# What to work on:
Exact copies of the lines below, from the one with "Termoetiķetes NIIMBOT B21" up to and including the one with "new 2024 Ford F-250 car, priced at $94,668", are what this calls for; leave out pictures.

# Provided material:
--*--

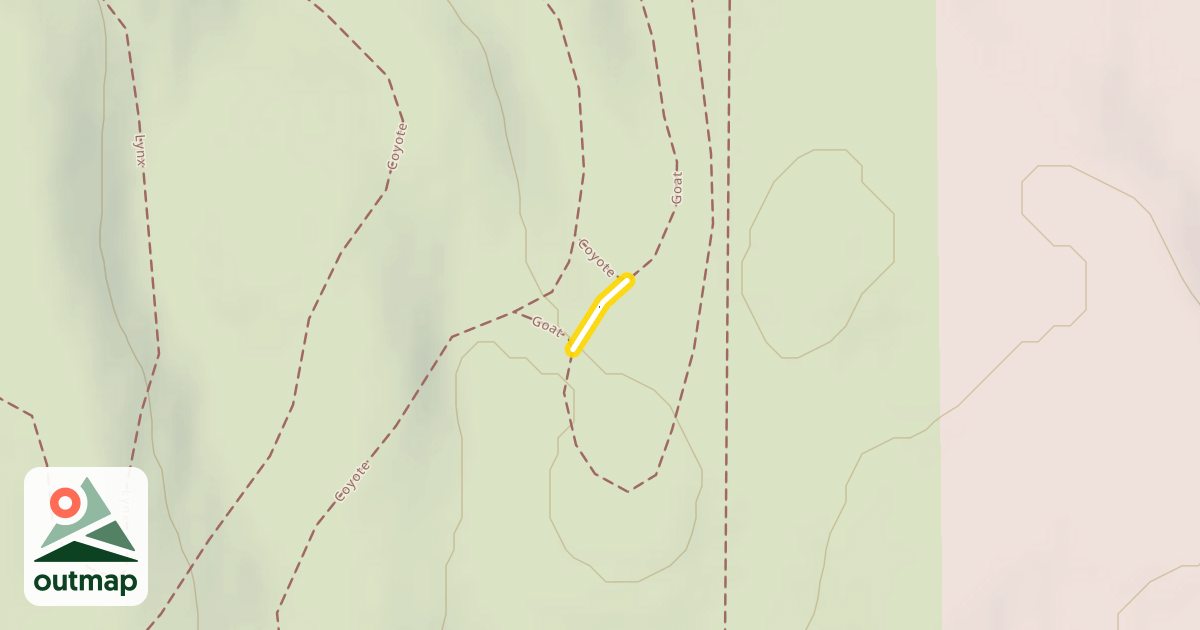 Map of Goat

--*--

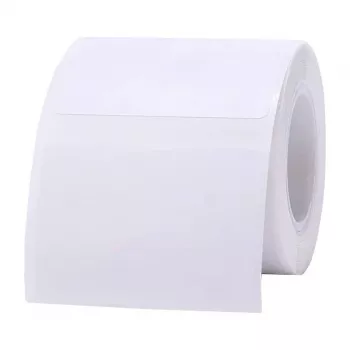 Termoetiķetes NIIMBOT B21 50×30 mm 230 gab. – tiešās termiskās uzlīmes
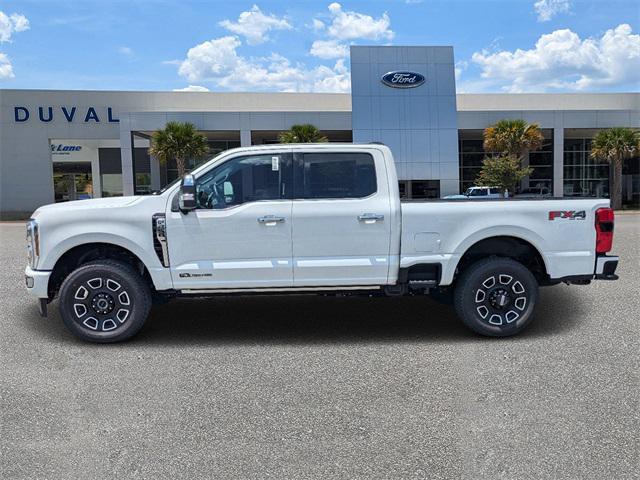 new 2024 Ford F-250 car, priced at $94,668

--*--

# Exercise response:
 Termoetiķetes NIIMBOT B21 50×30 mm 230 gab. – tiešās termiskās uzlīmes
 new 2024 Ford F-250 car, priced at $94,668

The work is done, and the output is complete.